Из песни целинников 1960-х годов
Уже шесть лет я работал в столичной клинике и стал забывать, что такое медицина в провинции. Вскоре после защиты диссертации меня с бригадой из восьми специалистов послали на месяц работать на целину — в казахский город Кокчетав. Мы должны были проводить усовершенствование на месте: читать врачам лекции, консультировать больных. Руководил бригадой хирург Виктор Маневич, мой хороший знакомый, немного старше меня. Мы запаслись продуктами на дорогу и трое суток ехали поездом по заснеженным просторам европейской и азиатской частей Союза. Пейзажи за окном были зимние, унылые. Но в бригаде все были молодые и ехали весело, с энтузиазмом.
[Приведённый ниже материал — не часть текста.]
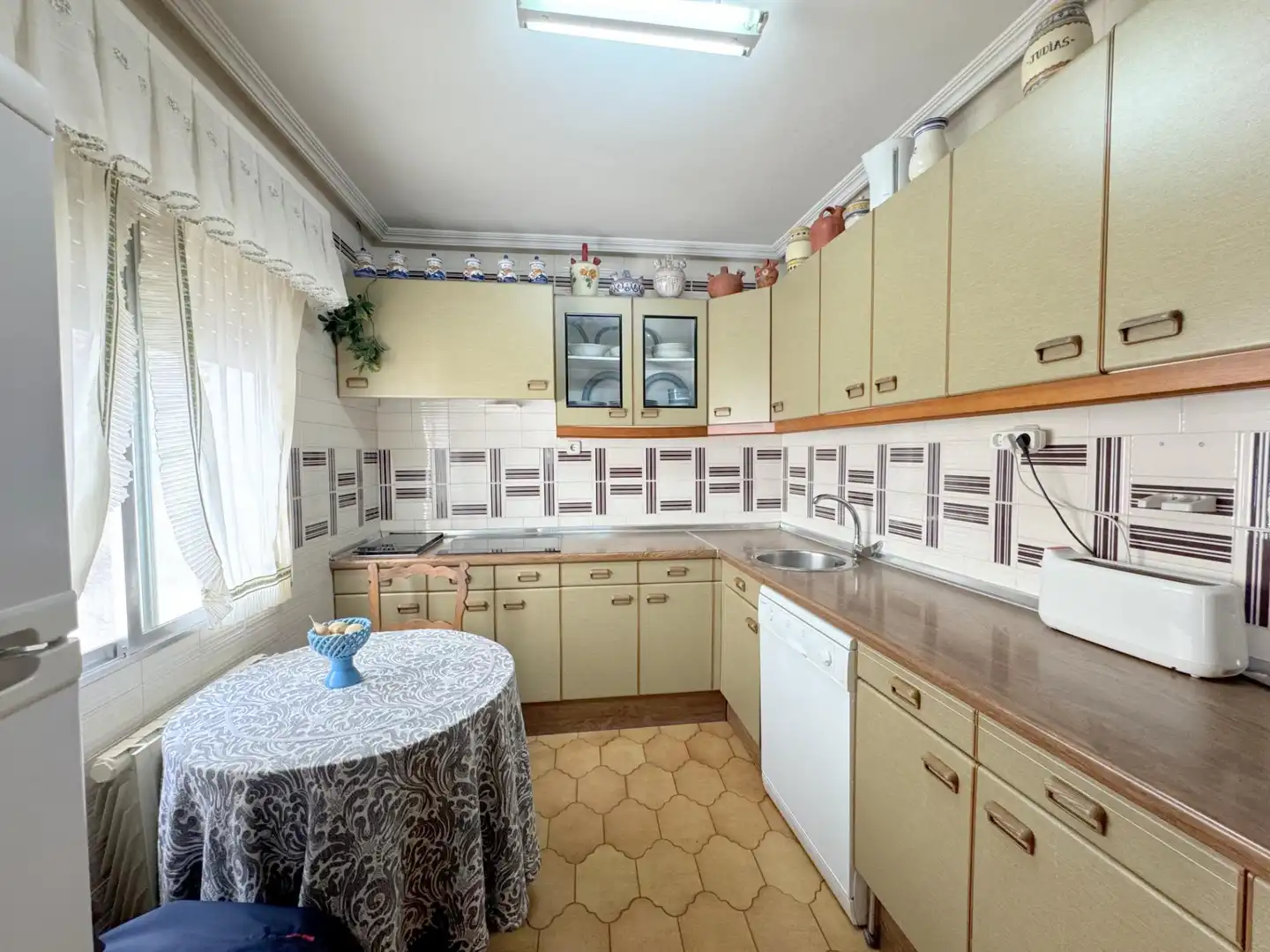 Kitchen of Houses for sale in Candeleda, Ávila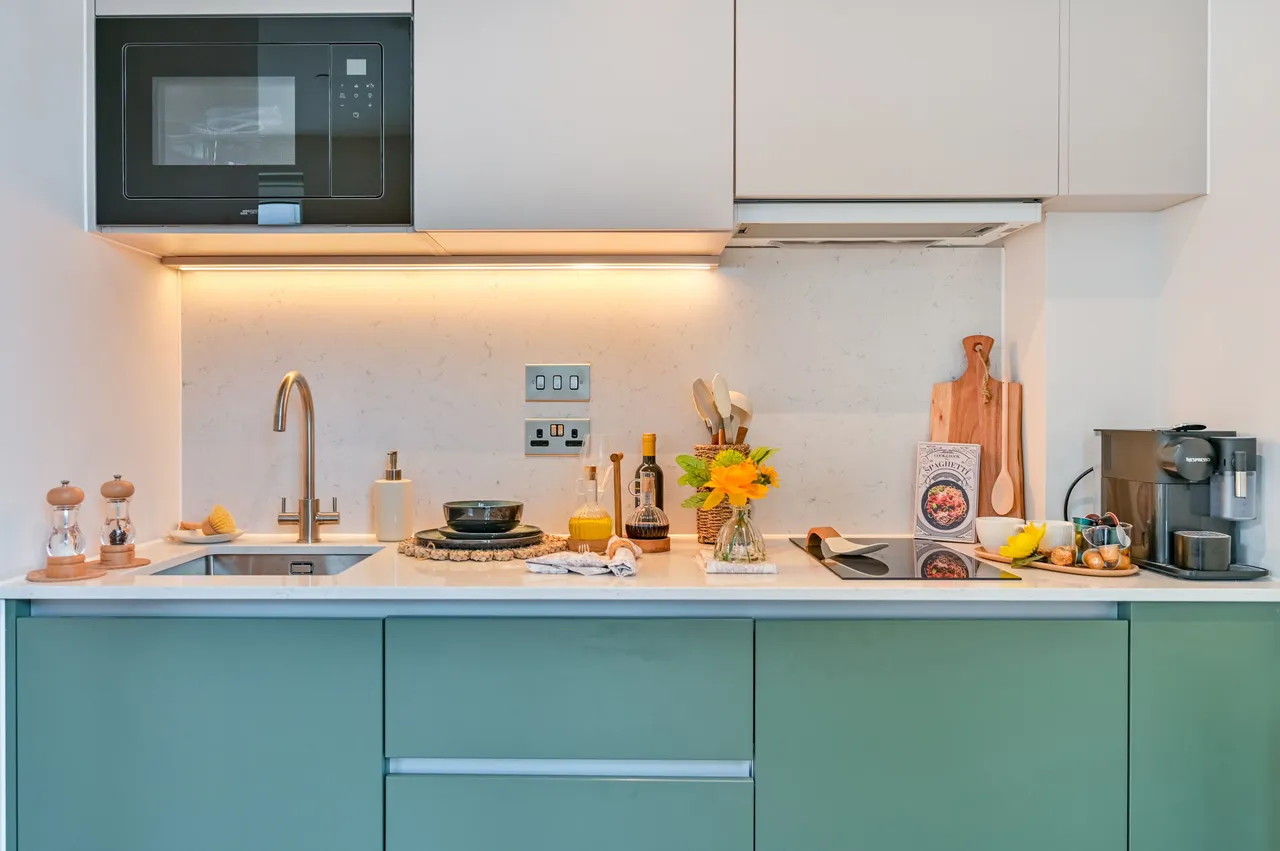 flat to rent — Flat 61, The Rex, 175 Clarence Street, Kingston upon Thames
В ту пору Хрущев пытался увеличить недостаток производства зерна за счет освоения богатых заброшенных земель Северного Казахстана. Уже много лет Советский Союз не мог наладить обеспечение себя сельскими продуктами — колхозные хозяйства с этим не справлялись. Хрущев считал себя компетентным в этих вопросах и постоянно нагнетал кампанию за кампанией, а толку все не было. Теперь он проводил пропагандистскую кампанию по переселению рабочих кадров в целинные земли. По его указаниям обкомы и райкомы партии и комсомола слали туда многие тысячи людей. Для организации работ он назначил туда своего нового любимца Леонида Брежнева (который потом его скинул). Но, как всегда, ничего не было подготовлено для жизни приехавших новоселов: люди жили в палатках и землянках, а климат там суровый. Поэтому производительность труда была низкая. Вся кампания по освоению целины шла на одной раздутой агитации.
В морозном Кокчетаве нас встретил областной хирург Исаак Киль и отвез в городскую гостиницу — двухэтажное деревянное строение, далеко не чистое внутри. Одна комната на четверых мужчин, одна — на четырех женщин, умывальные комнаты с водопроводными кранами в конце коридора, а уборные — на выносе, в конце двора. Мыться надо ходить в баню, открытую три дня в неделю. Зато была на этаже кухня с дровяными печами — женщины обрадовались: можно самим готовить и разогревать еду.
В областную больницу полчаса езды на городском автобусе. Больница старая, двухэтажная, палаты на десять и больше человек, оборудование довольно обветшалое, новых аппаратов и инструментов мало. Эта бедность напомнила мне недавнюю работу в карельских больницах. Посмотреть, сразу ясно, что если было плохо с развитием сельского хозяйства, то не лучше и с развитием здравоохранения.